What to do:
Show every line in the material below in which the string "unisex" appears.

Records for the task:
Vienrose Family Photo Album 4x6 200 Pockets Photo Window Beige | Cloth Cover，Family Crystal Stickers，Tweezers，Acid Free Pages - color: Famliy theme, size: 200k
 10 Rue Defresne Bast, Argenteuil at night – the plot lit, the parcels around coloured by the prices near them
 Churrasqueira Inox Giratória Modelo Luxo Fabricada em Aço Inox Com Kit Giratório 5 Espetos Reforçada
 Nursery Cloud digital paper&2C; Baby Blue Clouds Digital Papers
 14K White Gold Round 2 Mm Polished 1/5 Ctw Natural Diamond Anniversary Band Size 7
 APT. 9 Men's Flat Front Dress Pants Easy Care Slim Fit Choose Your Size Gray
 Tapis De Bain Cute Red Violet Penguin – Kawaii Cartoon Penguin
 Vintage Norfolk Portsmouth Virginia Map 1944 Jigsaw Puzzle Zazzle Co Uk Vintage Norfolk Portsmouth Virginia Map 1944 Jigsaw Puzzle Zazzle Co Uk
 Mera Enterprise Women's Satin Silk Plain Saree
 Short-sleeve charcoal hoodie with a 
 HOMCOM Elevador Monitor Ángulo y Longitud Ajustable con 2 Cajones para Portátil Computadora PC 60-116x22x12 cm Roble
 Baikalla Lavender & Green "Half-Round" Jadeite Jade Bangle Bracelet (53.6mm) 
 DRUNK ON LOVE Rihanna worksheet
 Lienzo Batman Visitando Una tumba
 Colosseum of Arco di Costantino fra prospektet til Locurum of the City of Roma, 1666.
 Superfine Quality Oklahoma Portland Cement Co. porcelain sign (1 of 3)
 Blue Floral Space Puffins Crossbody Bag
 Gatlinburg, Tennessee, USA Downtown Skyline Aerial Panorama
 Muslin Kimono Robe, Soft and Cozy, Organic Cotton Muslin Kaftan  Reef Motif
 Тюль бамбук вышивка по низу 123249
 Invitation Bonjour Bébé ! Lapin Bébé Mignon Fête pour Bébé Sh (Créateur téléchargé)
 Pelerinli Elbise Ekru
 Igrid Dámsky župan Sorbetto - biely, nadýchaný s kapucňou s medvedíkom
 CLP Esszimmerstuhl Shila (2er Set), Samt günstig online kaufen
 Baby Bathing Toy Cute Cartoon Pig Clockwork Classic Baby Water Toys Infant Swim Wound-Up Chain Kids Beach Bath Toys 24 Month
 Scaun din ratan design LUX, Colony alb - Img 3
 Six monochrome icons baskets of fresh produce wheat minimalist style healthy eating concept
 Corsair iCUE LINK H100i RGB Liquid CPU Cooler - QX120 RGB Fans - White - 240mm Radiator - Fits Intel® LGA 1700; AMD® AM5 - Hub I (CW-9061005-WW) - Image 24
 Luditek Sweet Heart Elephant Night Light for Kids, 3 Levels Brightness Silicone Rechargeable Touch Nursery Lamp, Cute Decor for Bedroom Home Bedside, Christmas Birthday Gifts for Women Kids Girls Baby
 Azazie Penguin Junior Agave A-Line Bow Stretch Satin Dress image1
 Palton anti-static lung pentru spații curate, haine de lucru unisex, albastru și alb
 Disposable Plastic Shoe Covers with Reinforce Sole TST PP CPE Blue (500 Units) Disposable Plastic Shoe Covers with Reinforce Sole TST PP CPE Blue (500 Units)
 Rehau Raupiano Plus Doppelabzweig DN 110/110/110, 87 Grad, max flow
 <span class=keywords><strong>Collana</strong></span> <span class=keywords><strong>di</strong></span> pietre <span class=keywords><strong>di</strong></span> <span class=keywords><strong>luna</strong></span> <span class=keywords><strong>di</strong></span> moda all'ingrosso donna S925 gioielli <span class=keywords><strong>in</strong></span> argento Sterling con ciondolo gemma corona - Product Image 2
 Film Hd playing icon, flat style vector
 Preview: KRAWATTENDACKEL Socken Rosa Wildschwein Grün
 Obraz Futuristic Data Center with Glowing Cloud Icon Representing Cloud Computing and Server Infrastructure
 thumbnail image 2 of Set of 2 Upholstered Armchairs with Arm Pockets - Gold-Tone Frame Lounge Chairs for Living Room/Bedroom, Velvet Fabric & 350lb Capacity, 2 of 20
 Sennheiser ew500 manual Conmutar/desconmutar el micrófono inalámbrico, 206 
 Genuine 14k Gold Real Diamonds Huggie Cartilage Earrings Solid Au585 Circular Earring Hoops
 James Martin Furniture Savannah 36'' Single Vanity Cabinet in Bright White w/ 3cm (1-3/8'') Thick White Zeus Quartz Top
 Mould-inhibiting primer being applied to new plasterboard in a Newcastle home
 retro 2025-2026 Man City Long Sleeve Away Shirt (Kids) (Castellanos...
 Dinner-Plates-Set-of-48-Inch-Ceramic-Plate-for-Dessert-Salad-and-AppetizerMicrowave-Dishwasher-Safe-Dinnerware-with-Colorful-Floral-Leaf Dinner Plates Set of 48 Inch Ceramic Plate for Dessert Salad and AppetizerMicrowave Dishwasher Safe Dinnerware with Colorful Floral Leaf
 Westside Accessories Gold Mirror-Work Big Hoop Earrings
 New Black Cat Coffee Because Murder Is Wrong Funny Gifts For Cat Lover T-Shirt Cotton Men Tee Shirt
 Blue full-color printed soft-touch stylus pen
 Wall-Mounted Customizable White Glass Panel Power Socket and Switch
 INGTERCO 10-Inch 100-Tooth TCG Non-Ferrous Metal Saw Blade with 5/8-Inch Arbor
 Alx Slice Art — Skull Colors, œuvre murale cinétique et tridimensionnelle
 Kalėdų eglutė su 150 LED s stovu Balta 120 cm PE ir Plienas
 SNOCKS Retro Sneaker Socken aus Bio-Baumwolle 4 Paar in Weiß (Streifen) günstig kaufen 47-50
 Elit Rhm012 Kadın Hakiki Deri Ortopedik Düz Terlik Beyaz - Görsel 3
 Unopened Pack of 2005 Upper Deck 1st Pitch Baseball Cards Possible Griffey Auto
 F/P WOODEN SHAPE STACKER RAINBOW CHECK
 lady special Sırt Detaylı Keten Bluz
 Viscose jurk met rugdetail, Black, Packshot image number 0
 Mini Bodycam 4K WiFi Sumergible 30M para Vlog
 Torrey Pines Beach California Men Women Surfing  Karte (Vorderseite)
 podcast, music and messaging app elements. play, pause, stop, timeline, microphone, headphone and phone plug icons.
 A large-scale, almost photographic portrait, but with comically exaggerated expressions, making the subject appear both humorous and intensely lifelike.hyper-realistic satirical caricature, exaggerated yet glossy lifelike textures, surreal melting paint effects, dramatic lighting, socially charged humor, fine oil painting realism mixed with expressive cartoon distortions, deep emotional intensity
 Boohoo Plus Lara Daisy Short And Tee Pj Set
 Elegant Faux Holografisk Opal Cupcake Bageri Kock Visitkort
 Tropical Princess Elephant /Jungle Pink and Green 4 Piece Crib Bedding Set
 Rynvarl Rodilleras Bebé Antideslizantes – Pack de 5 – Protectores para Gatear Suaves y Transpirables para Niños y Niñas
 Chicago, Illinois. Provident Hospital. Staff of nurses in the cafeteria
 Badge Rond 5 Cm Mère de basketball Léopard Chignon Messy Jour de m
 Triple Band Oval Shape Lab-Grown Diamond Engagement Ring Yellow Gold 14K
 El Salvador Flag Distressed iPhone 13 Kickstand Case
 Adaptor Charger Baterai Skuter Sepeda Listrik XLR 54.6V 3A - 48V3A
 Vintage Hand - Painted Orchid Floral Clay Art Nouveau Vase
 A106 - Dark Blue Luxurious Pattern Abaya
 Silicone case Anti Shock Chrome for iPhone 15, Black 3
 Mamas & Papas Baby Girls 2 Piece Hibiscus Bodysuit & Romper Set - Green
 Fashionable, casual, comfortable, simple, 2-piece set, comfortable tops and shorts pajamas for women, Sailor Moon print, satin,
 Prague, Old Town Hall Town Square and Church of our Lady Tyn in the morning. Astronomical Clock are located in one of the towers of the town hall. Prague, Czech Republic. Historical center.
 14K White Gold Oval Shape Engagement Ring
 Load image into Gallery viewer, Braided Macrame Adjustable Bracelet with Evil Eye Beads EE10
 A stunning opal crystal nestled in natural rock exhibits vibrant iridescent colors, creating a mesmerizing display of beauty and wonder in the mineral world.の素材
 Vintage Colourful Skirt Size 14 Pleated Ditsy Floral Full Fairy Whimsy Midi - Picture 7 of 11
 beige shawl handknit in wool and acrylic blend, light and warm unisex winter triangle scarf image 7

Exercise output:
 Palton anti-static lung pentru spații curate, haine de lucru unisex, albastru și alb
 beige shawl handknit in wool and acrylic blend, light and warm unisex winter triangle scarf image 7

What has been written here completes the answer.